Print the listing below exactly, minus its pictures.

SUPPLIED MATERIAL:
↓↓↓

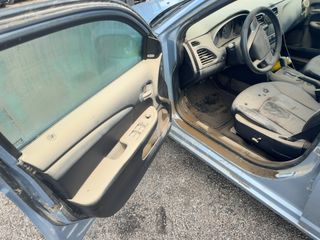 2013 Chrysler 200 Limited - Driver's Front Door Image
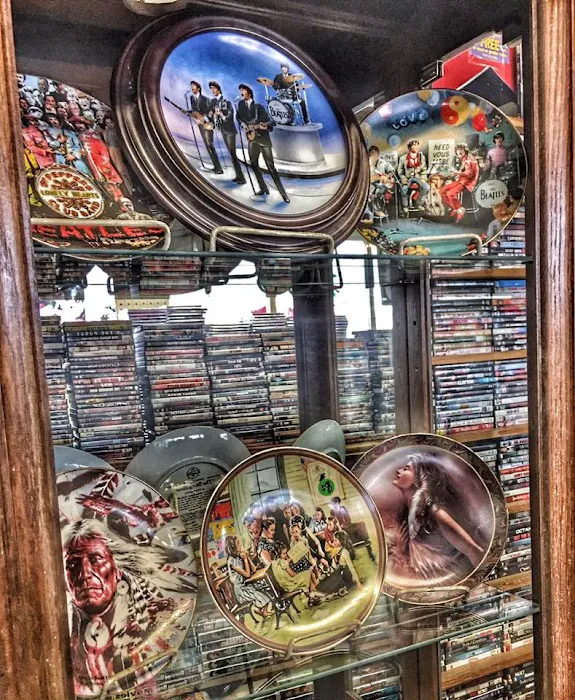 Jellybean's Used Books and Entertainment 3
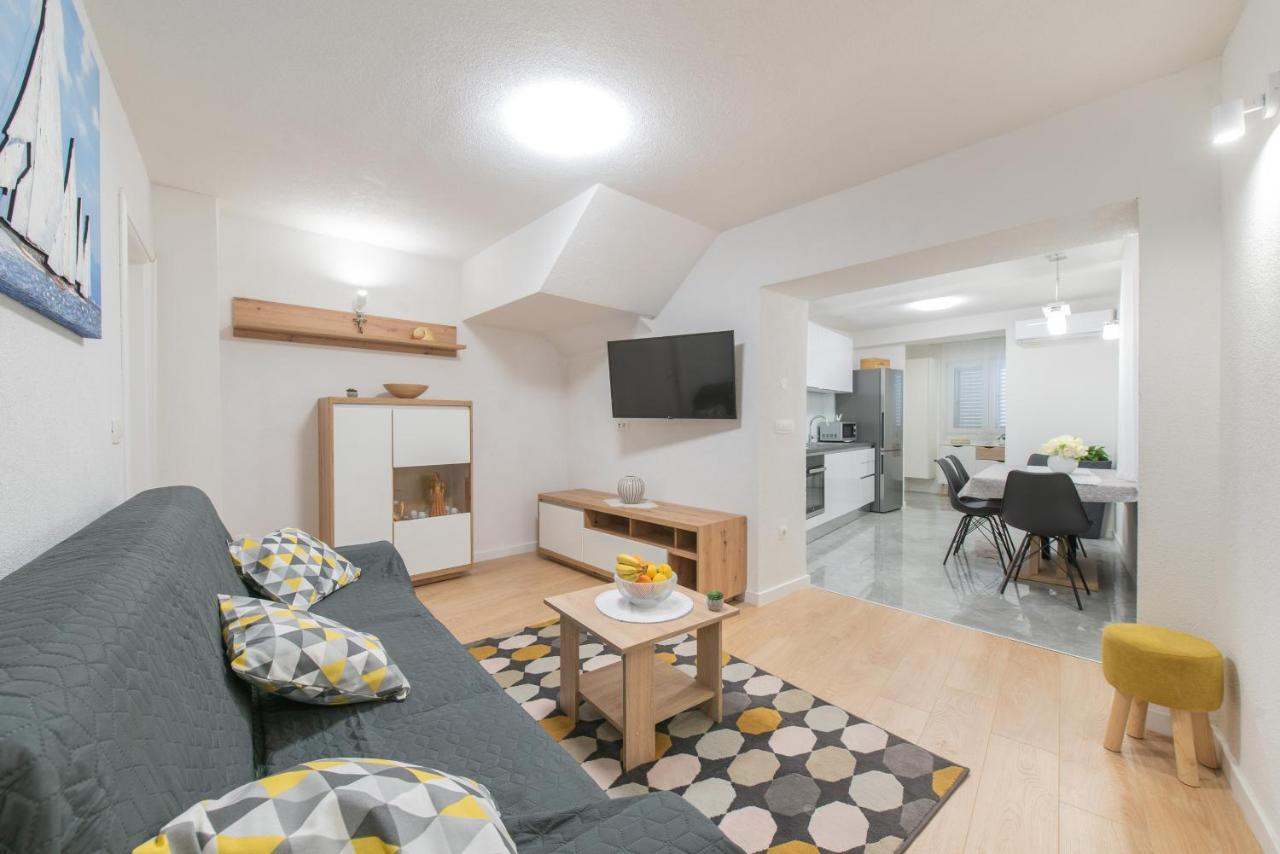 Kaštela Apartmani Mara מראה חיצוני תמונה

↑↑↑

EXERCISE SOLUTION:
 2013 Chrysler 200 Limited - Driver's Front Door Image
 Jellybean's Used Books and Entertainment 3
 Kaštela Apartmani Mara מראה חיצוני תמונה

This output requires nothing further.